Maniphest T190425

GlobalPreferences deploy caused a significant increase in reads on s3
Closed, ResolvedPublic8 Estimated Story Points
Actions

Assigned To

Authored By

	Niharika
	Mar 22 2018, 4:39 PM

Description

In T189806#4073107, @Marostegui wrote:

The deployment of: https://gerrit.wikimedia.org/r/#/c/420947/ matches a big increase on s3 servers:

17:35 maxsem@tin: Synchronized wmf-config/InitialiseSettings.php: https://gerrit.wikimedia.org/r/#/c/420947/ (duration: 01m 15s)

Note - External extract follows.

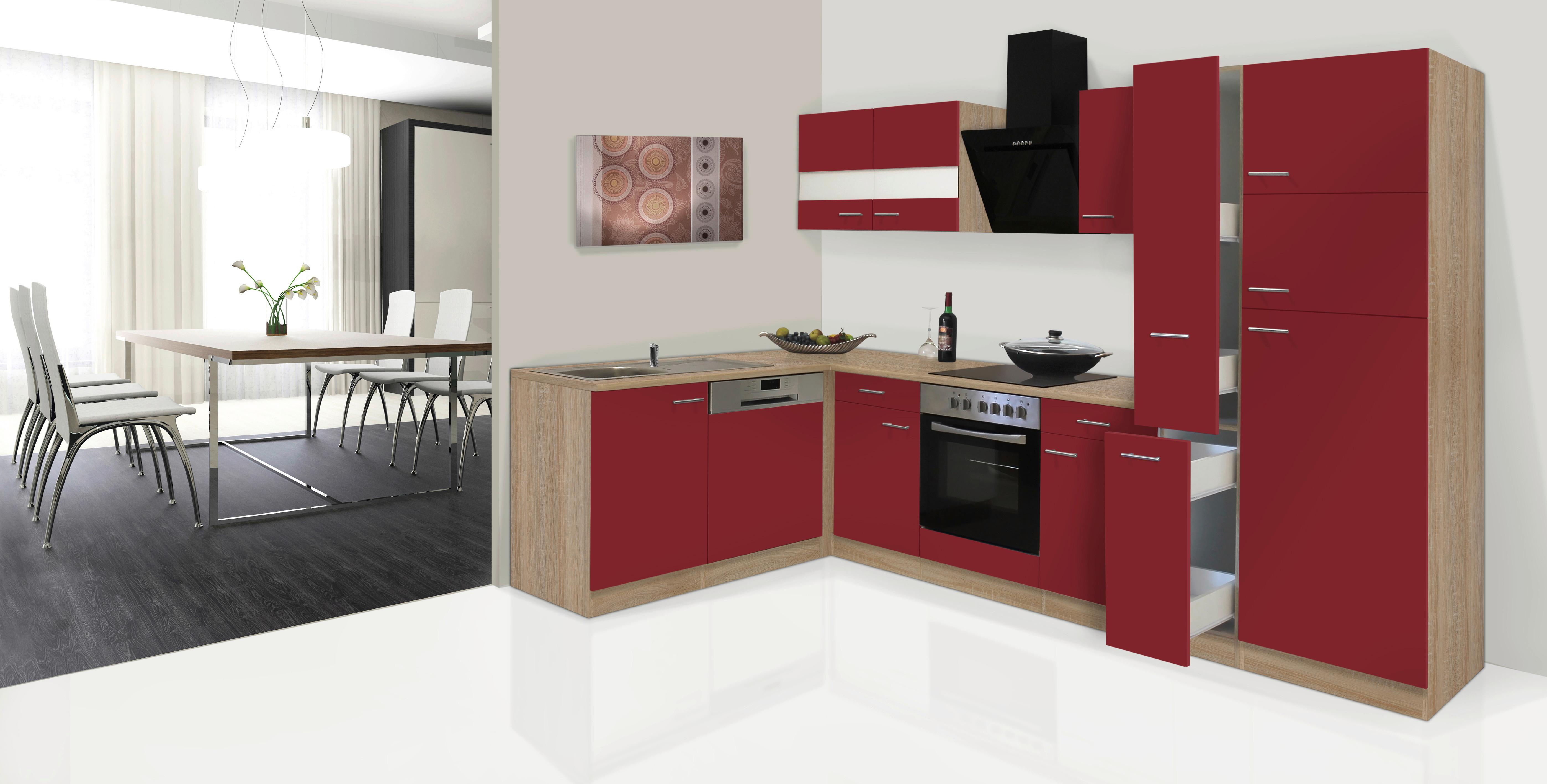 Eckküche Economy mit Geräten 172x310 cm Rot/Eiche Dekor - Eichefarben/Rot, Basics, Glas/Holzwerkstoff (172/310cm) - Respekta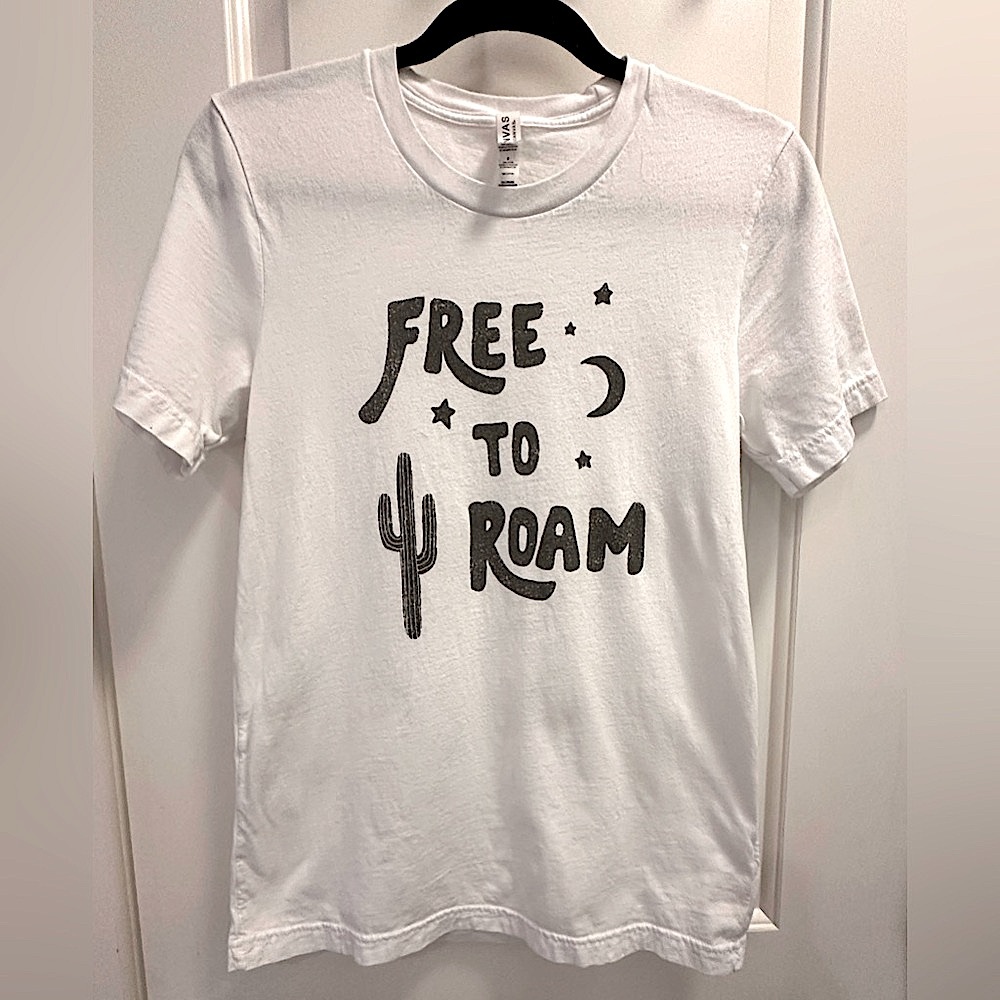 White “Free to Roam” Desert themed T Shirt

https://grafana.wikimedia.org/dashboard/db/mysql?panelId=8&fullscreen&orgId=1&var-dc=eqiad prometheus/ops&var-server=db1077&var-port=9104&from=1521637034143&to=1521681962143

https://grafana.wikimedia.org/dashboard/db/mysql?panelId=8&fullscreen&orgId=1&from=1521637034143&to=1521681962143&var-dc=eqiad prometheus/ops&var-server=db1078&var-port=9104

https://grafana.wikimedia.org/dashboard/db/mysql?panelId=3&fullscreen&orgId=1&var-dc=eqiad prometheus/ops&var-server=db1077&var-port=9104&from=1521637034143&to=1521681962143

Can we revert this to see if this stops?

The patch has been reverted and the reads have dropped.

Details

Subject	Repo	Branch	Lines /-
Deploy GlobalPreferences to test wikis and mw.org (fourth time)	operations/mediawiki-config	master	5 -1
Don't force PreferencesFactory initialization	mediawiki/extensions/GlobalPreferences	master	0 -2
Don't initialize MediaWikiServices before extensions have been loaded	mediawiki/core	master	23 -21
Add instance cache for global prefs storage	mediawiki/extensions/GlobalPreferences	master	16 -3
Add runtime cache for central IDs	mediawiki/extensions/GlobalPreferences	master	15 -1
Add logging channel for preference stuff	operations/mediawiki-config	master	1 -0
Add logging	mediawiki/extensions/GlobalPreferences	master	9 -1
Log DefaultPreferencesFactory usage	mediawiki/core	master	9 -1

Customize query in gerrit

Related Objects
Search...

Status	Assigned	Task
Resolved	Niharika	T139145 global disabling of compact language list
Resolved	None	T16950 [Epic] Support global preferences on Wikimedia wikis
Resolved	• TBolliger	T184121 Deploy checklist for GlobalPreferences on production
Resolved	MaxSem	T189806 Deploy GlobalPrefs on production
Resolved	MaxSem	T190425 GlobalPreferences deploy caused a significant increase in reads on s3

Event Timeline

Niharika triaged this task as High priority.Mar 22 2018, 4:39 PM

Niharika created this task.

• TBolliger assigned this task to Samwilson.Mar 22 2018, 5:38 PM

• TBolliger edited projects, added Community-Tech-Sprint; removed Community-Tech.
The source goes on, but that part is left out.